The pairs (llx,lly) and (urx,ury) correspond to magic coordinates for the lower left and upper right corner of the current box. getpaint returns a list of boxes (llx lly urx ury), and getlabel returns a list of tagged boxes (label llx lly urx ury) which contain the label string. magic can be used to force the scheme interpreter to interpret a symbol as a magic procedure. The evaluation returns the specified magic command.

Miscellaneous

Some additional functions are provided to enable the user to debug functions.

(showframe) display the current list of bindings
(display-object obj) display the type and value of obj
(error str) display error message and abort evaluation
(eqv? obj1 obj2) checks if two objects are equal
(collect-garbage) force garbage collection

The following is a complete list of the built-in scheme variables that can be used to control the interpreter.
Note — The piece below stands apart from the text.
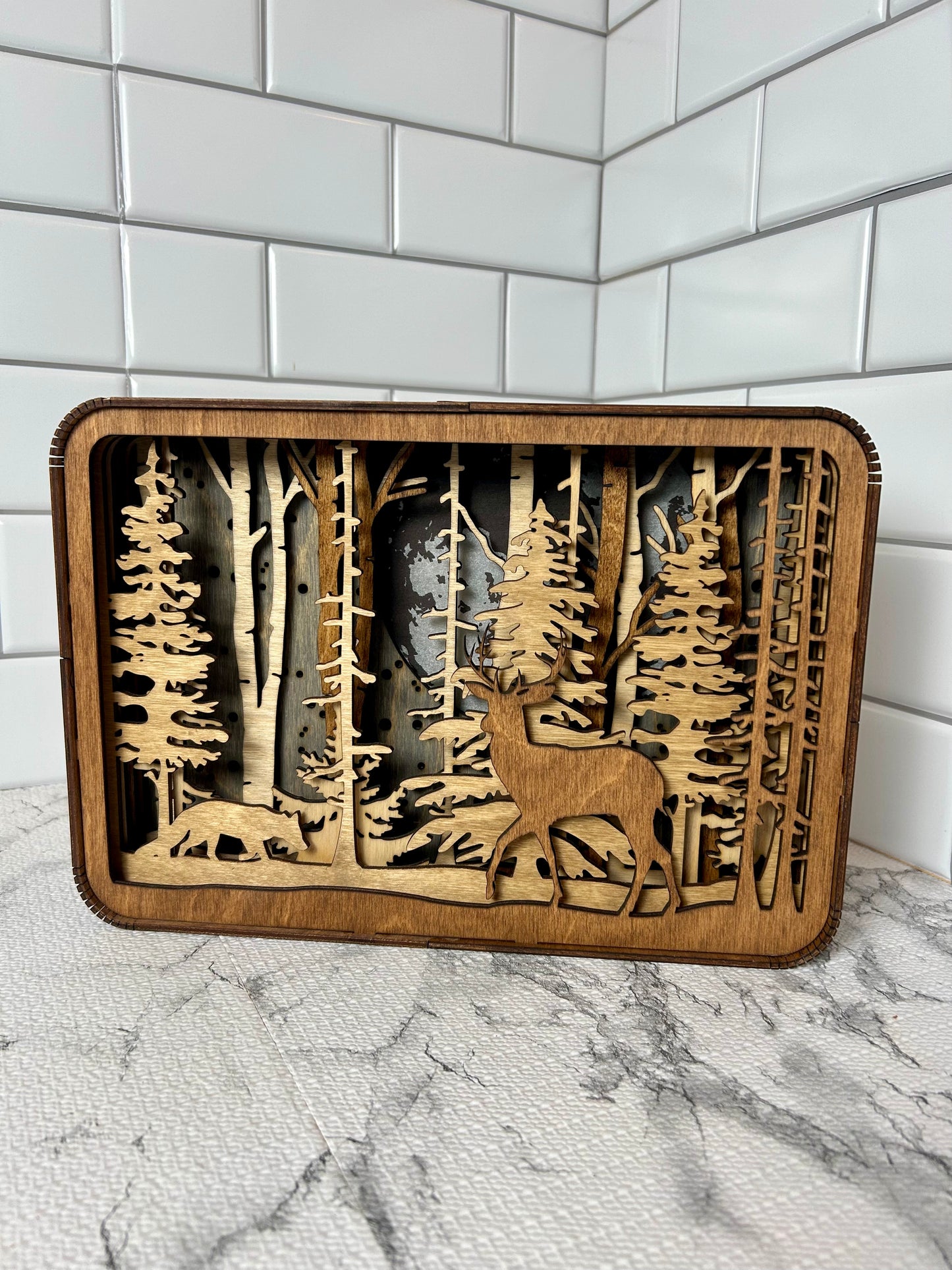 3D Wildlife Scene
scm-library-path a colon-separated path string
scm-echo-result a boolean used to determine if the result of evaluation should be displayed
scm-trace-magic controls display of actual magic commands
scm-echo-parser-input controls display of the string sent to the scheme parser
scm-echo-parser-output controls display of the result of parsing
scm-stack-display-depth controls the number of frames displayed in the stack trace output when an error occurs during evaluation
scm-gc-frequency controls the frequency of garbage collection

Libraries

The following function loads in a file and evaluates its contents in order.
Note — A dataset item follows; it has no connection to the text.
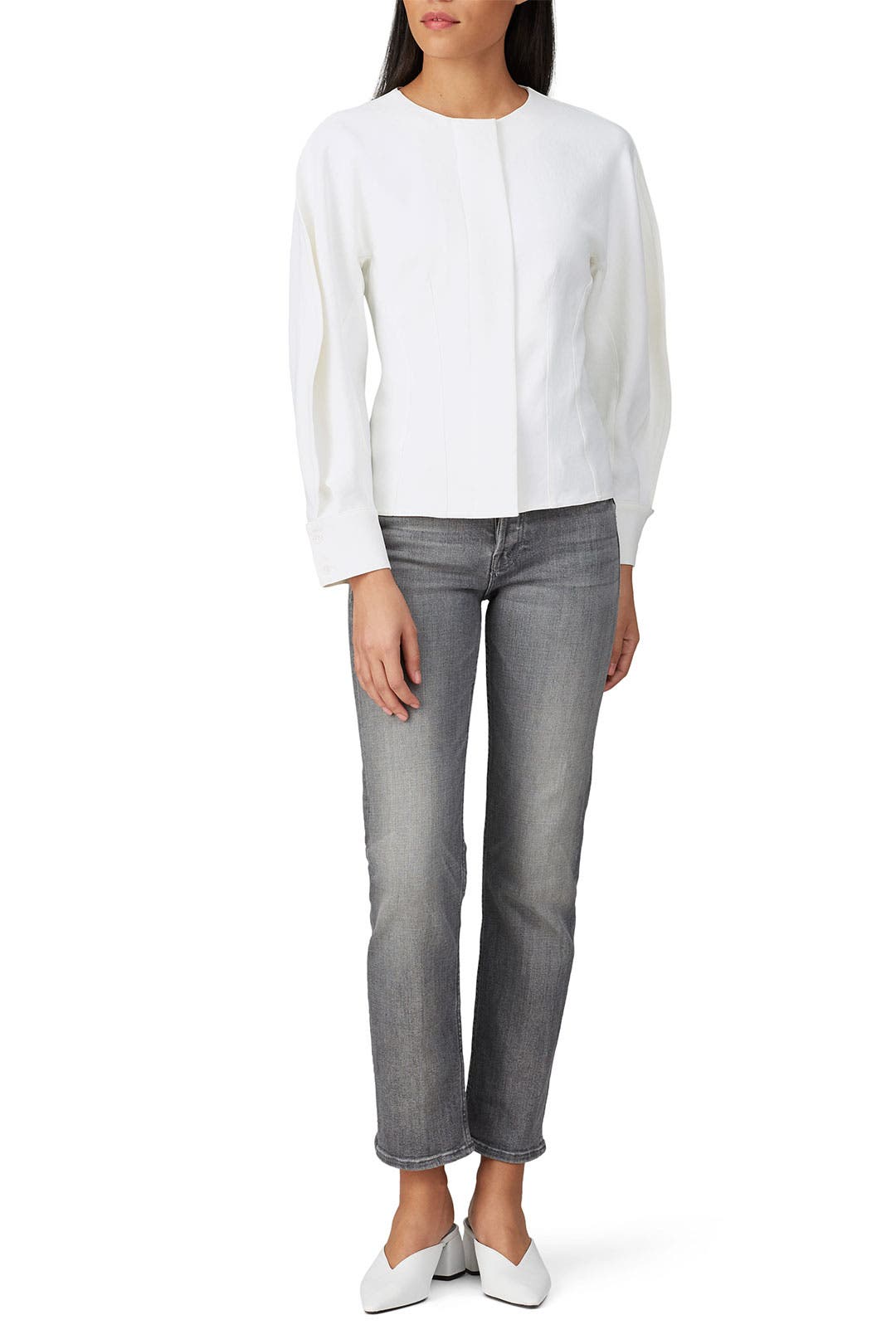 tibi chalky drape top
(load-scm str) reads scheme commands in from the named file
(save-scm str obj) appends obj to the file str, creating a new file if necessary

The file can be in the current directory, or in any of the locations specified by a string containing a colon-separated list of directory names stored in scm-library-path.

The format of these files differs from standard magic source files because the contents of a line are not implicitly parenthesized. In addition, semicolons are used as a comment character; everything following a semicolon to the end of the current line is treated as a comment.

For instance,

define f (lambda (x) x)

would define f to be the identity function when placed in a magic source file (so as to provide backward compatibility). The same definition would result in an error if placed in a scheme source file.

(define f (lambda (x) x))

The above expression should be used in the scheme file to achieve the same effect.

Bibliography

1
H. Abelson and G.J. Sussman,
Structure and Interpretation of Computer Programs.

2
H. Abelson et al.,
Revised Report on the Algorithmic Language Scheme.